„Die Koelnmesse kämpft um die Spoga+Gafa 2020, und ihr unermüdlichster Kämpfer ist Stefan Lohrberg.“ So hat ein Text begonnen, den das Fachmagazin diy auf seiner Website diyonline.de noch Ende Juni nach einem langen Telefonat mit dem Director Spoga+Gafa der Koelnmesse veröffentlicht hat. Es ging darum, „Sicherheit für verunsicherte Aussteller“ zu schaffen, wie die Überschrift lautete. Denn das war zu diesem Zeitpunkt die wichtigste Aufgabe des Messemanagements.

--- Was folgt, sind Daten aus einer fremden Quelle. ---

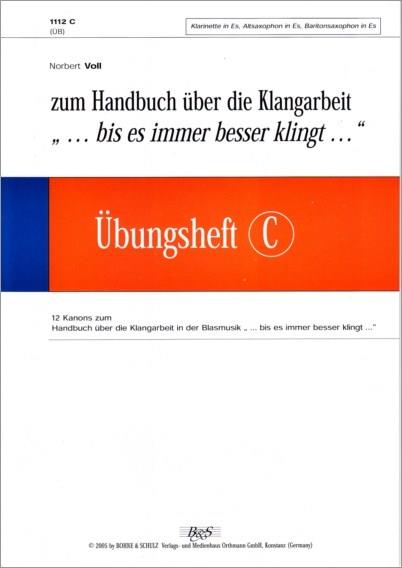 Bis es immer besser klingt Übungsheft C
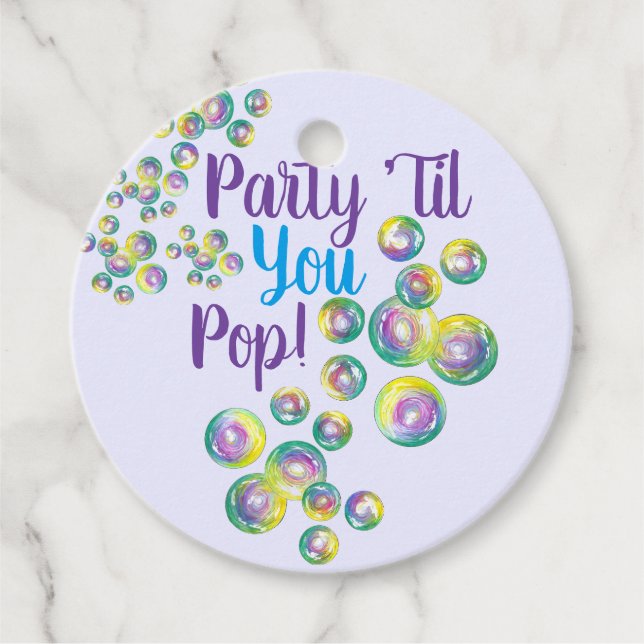 Étiquettes Cadeau Fête jusqu'à vous Pop souffler bulles Iridescente (Devant)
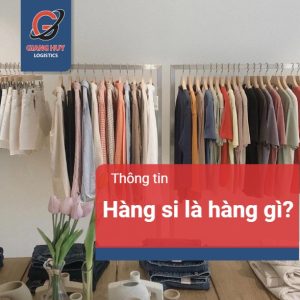 Hàng si là hàng gì? Cách nhập hàng si nguyên kiện hiện nay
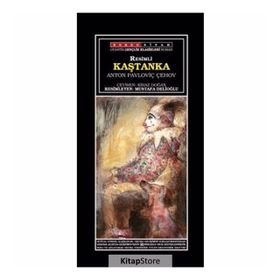 KAŞTANKA - ANTON PAVLOVIÇ ÇEHOV (ISBN:9786053540557)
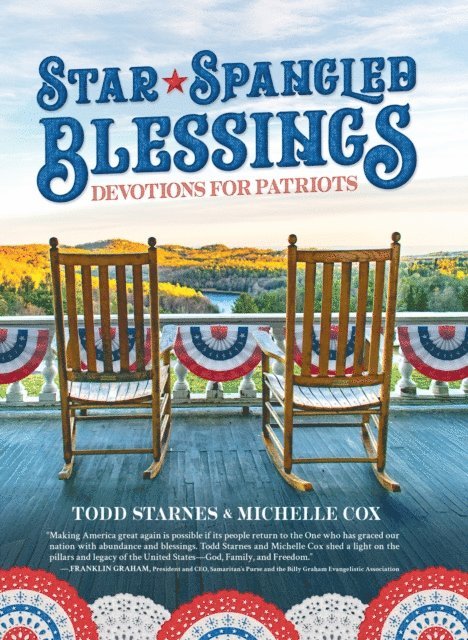 Michelle Cox, Todd Starnes - Star-Spangled Blessings: Devotions for Patriots, E-bok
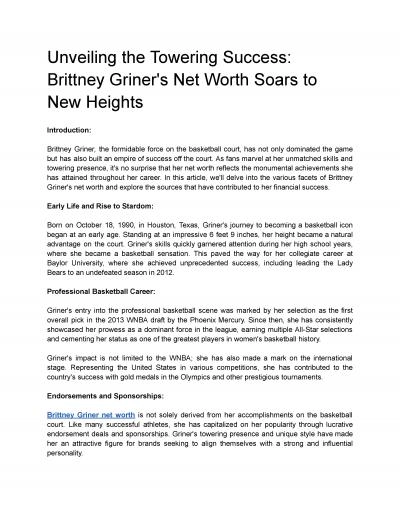 Unveiling the Towering Success: Brittney Griner\'s Net Worth Soars to New Heights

Bis zuletzt haben sie in Köln versucht, das – in den Augen vieler – Unabwendbare doch noch abzuwenden und die Absage der Spoga+Gafa 2020 zu verhindern. Am frühen Abend des 6. Juli kam dann die Nachricht, mit der viele in der Branche letztlich doch gerechnet haben – das aber zusammen mit einer Nachricht, mit der viele dann doch nicht gerechnet haben: Die Spoga+Gafa 2020 wird abgesagt, und darüber hinaus wechselt die Weltleitmesse für die Garten- und Lifestylebranche künftig auf einen Termin rund drei Monate früher im Jahr.
Das heißt konkret: Die nächste Spoga+Gafa findet vom 30. Mai bis 1. Juni 2021 statt. Somit bleibt die Tagesfolge Sonntag bis Dienstag bestehen. Der Termin liegt im nächsten Jahr für drei Bundesländer in den Pfingstferien sowie kurz vor dem in sechs Bundesländern begangenen Feiertag Fronleichnam. Es gibt außerdem – aber das wird für die wenigsten Aussteller und Besucher relevant sein – eine Überschneidung mit der Interzoo vom 1. bis 4. Juni in Nürnberg.
Viel wichtiger ist, dass der neue Termin auf einem für weite Teile der Branchen besseren Orderzeitpunkt liegt, wie der Veranstalter betont. „Auf Wunsch der Branche verschiebt die Koelnmesse den Termin der Spoga+Gafa dauerhaft in die jeweils erste Jahreshälfte“, heißt es gleich zu Beginn der Pressemitteilung.
Zur Absage der Messe in diesem Jahr hat sich die Koelnmesse „trotz einer fast ausgebuchten Gesamtfläche im Frühjahr 2020 und damit einem exzellenten Anmeldestatus“ entschlossen, wie es in einem Schreiben an die Aussteller heißt. Und in der Tat hat auch Stefan Lohrberg immer wieder gesagt, dass in großen Teilen der Ausstellerschaft der Wunsch bestand, die Messe stattfinden zu lassen.
Gleichzeitig hatte die Messegesellschaft nicht nur ein umfassendes Hygienekonzept ausgearbeitet, sondern vorab sich selbst sowie Aussteller und Besucher auf eine geänderte Situation vorbereitet: Es war klar, dass sie auf Aussteller und Besucher aus Übersee würde verzichten müssen und die Messe „ein vollkommen europäisches Bild“ zeigen würde, wie Lohrberg gesagt hatte.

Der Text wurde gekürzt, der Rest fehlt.